C’est ainsi que je propose de partir d’une remarque d’un « méchant » pour mieux comprendre l’intéret des cuissons à basse température. Notre homme faisait une de ces observations que j’ai entendues mille fois, à propos d’innovation : d’abord ils disent que c’est impossible, puis ils disent que c’est évident, et ils finissent par dire que c’était connu depuis longtemps. En l’occurrence, la remarque portait sur la cuisson à basse température, dont il était dit que ce n’était que du braisage.

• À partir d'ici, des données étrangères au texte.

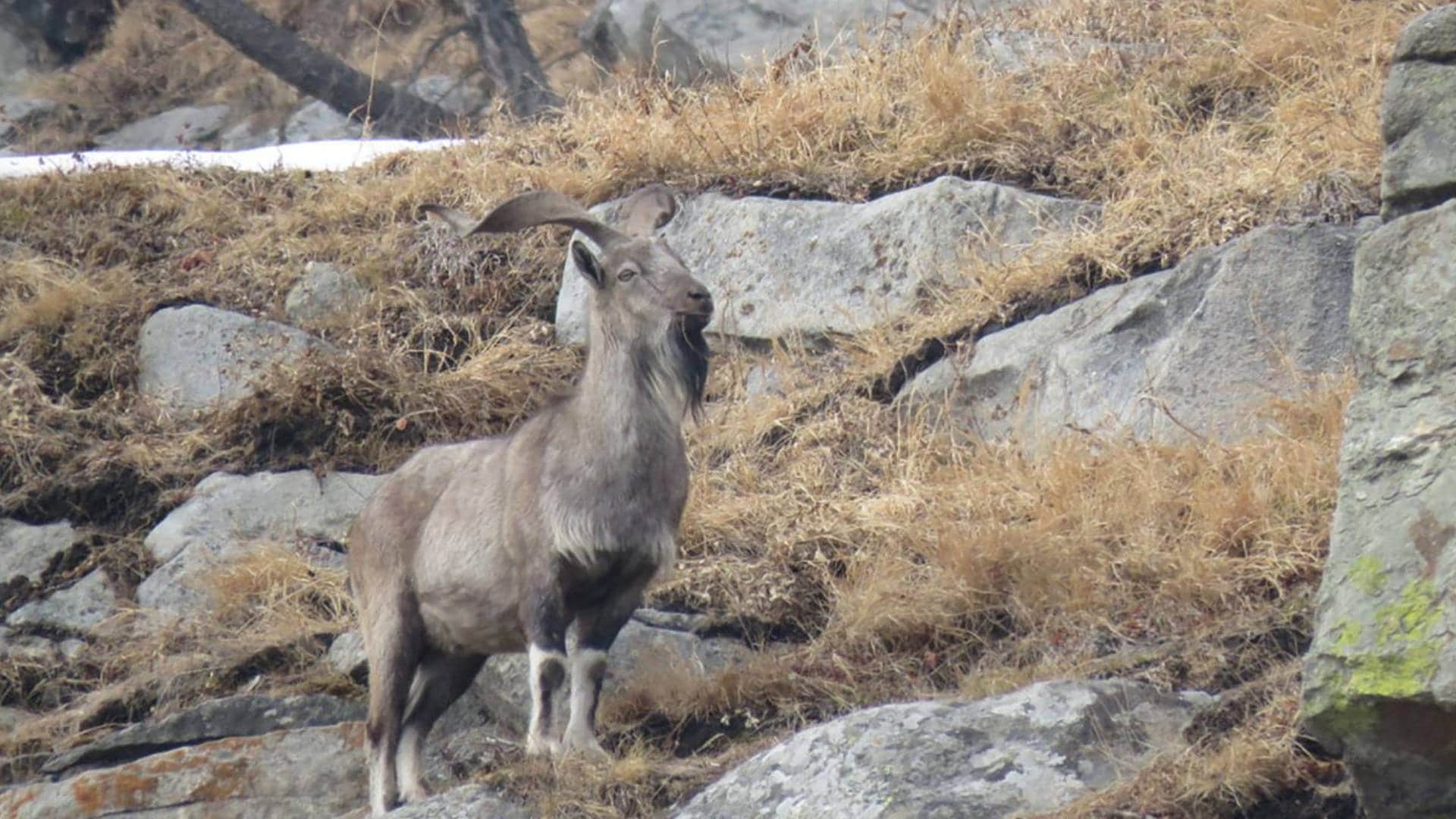 Markhor struggles to survive in Kashmir as its Hirapora habitat is overgrazed, fragmented by roads and power lines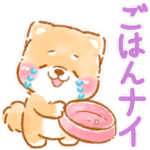 家族で使う❤️いやしばいぬ❤️母の日用あり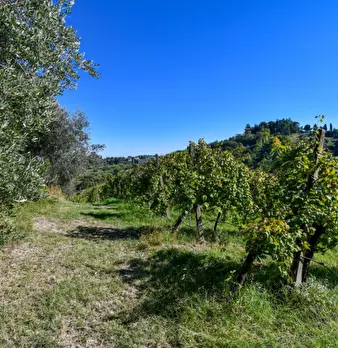 Foto annuncio 32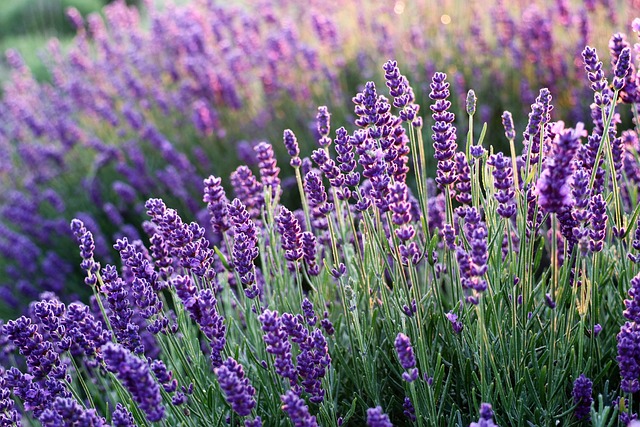 Sådan skaber du et gladere hjem med naturlige dufte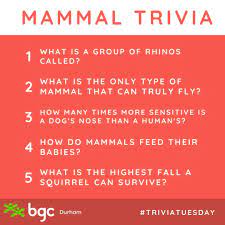 Aug 16, 2021 · trivia question: Bgc Durham Can You Figure Out These Trivia Questions About Mammals Answers Below 1 A Crash 2 Bats 3 1000 Times More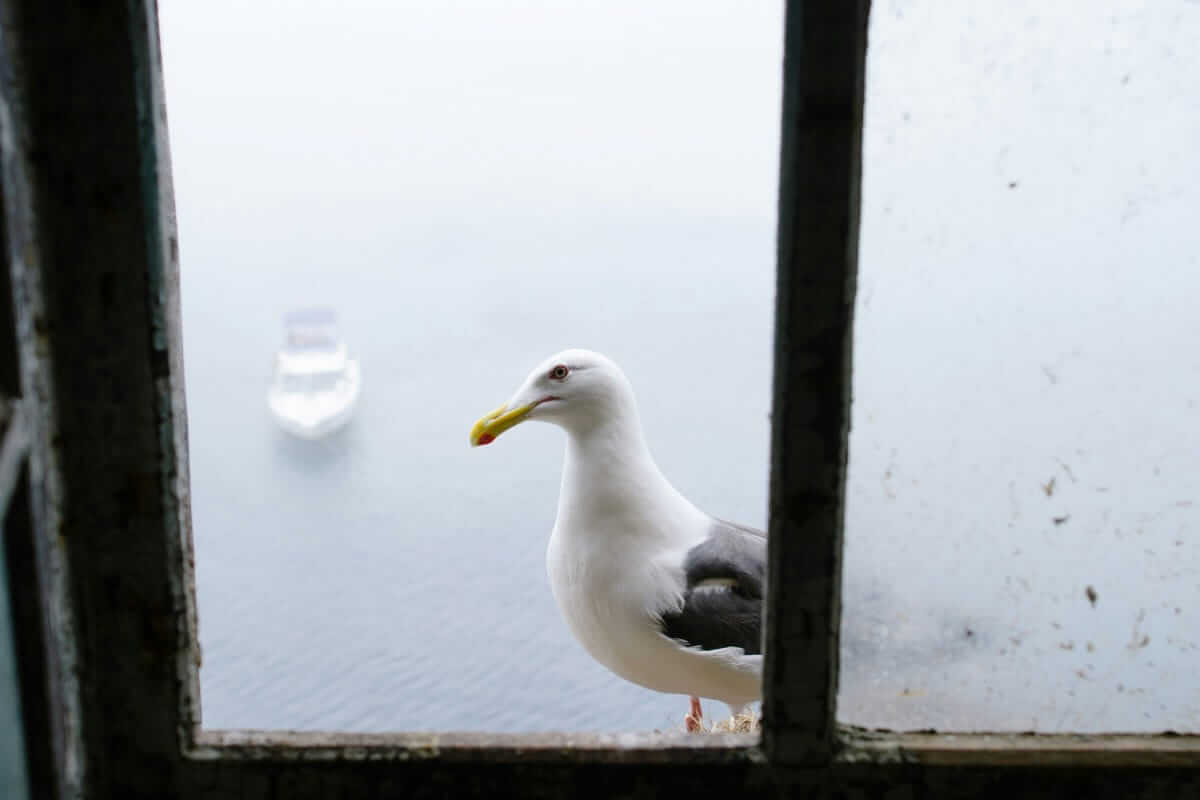 Warum viele Unternehmen online sichtbar sind – aber trotzdem keine Anfragen bekommen online sichtbar / Möwe sitzt vor einem Fenster, im Hintergrund verschwommen ein Schiff im Nebel – Bild für falsche Aufmerksamkeit trotz vorhandener Sichtbarkeit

Que du braisage ? Certainement pas !

Commençons par lire les bons auteurs anciens, telle Madame Saint-Ange, qui observe que le vrai braisage est merveilleux, ce qui est exact… à condition que l’on évite le « coup de feu » qui gâche tout.

Le braisage à la classique ? Dans un cocotte, on place du lard, des rondelles d’oignon, des rondelles de carotte, une pièce (par exemple de bœuf), puis on couvre de carottes, oignons et à nouveau lard. On enfourne à four très chaud, afin de faire brunir, puis on ajoute un verre de liquide (bouillon, eaux de vie, vin…) et on couvre, avant de chauffer longuement à four très doux. En fin de cuisson, on récupère le liquide dont on fait un velouté, en le cuisant longuement dans un roux, tout en dépouillant.

La proposition de la « cuisine moléculaire », dans les années 1980, a été d’importer en cuisine des thermocirculateurs pour chauffer de l’eau à des températures précisément contrôlées, eau où l’on plaçait les poches plastiques (qualité alimentaire!) où étaient placés les viandes ou poissons, éventuellement agrémentés d’ingrédients contribuant au goût. Et c’est ainsi que, après des cuissons très longues, on récupérait des viandes dont la cuisson s’apparentait à celle des « gigots de onze heures » ou des braisages les plus réussis.

Oui, il y a une parenté, et l’on pourrait dire qu’une cuisson à basse température, mais cela n’est pas suffisamment précis, car une viande cuite à 60 degrés n’a rien à voir avec la même viande cuite à 80 degrés. Si les deux sont différentes, une seule peut être comparée au braisage, mais laquelle ? Décidément, il vaut mieux changer de siècle et savoir ce que l’on fait, au lieu de parler indistinctement d’un braisage. Et c’est ainsi que l’on parlera d’une viande cuite à basse température à 60 degrés, ou à 70 degrés, ou à 80 degrés, ou à 90 degrés (et tous les degrés intermédiaires, bien évidemment).

Pour des œufs, les effets sont encore plus net, car chaque degré au dessus de 60 degrés conduit à un œuf différent.

En ajoutant pour terminer une précision importante : pour des cuissons longues, il vaut mieux que la température soit prudemment supérieure à 60 degrés, car les températures trop basses risquent de faire fleurir les micro-organismes. D’ailleurs c’est sans doute une bonne pratique que de passer préalablement la viande à la salamandre, au four très chaud ou au décapeur thermique (on évite le chalumeau qui dépose des benzopyrènes toxiques), afin de tuer les micro-organismes présents en surface. Et l’on peut aussi passer un coup de chaud après cuisson, pour faire un bon croustillant d’un brun appétissant.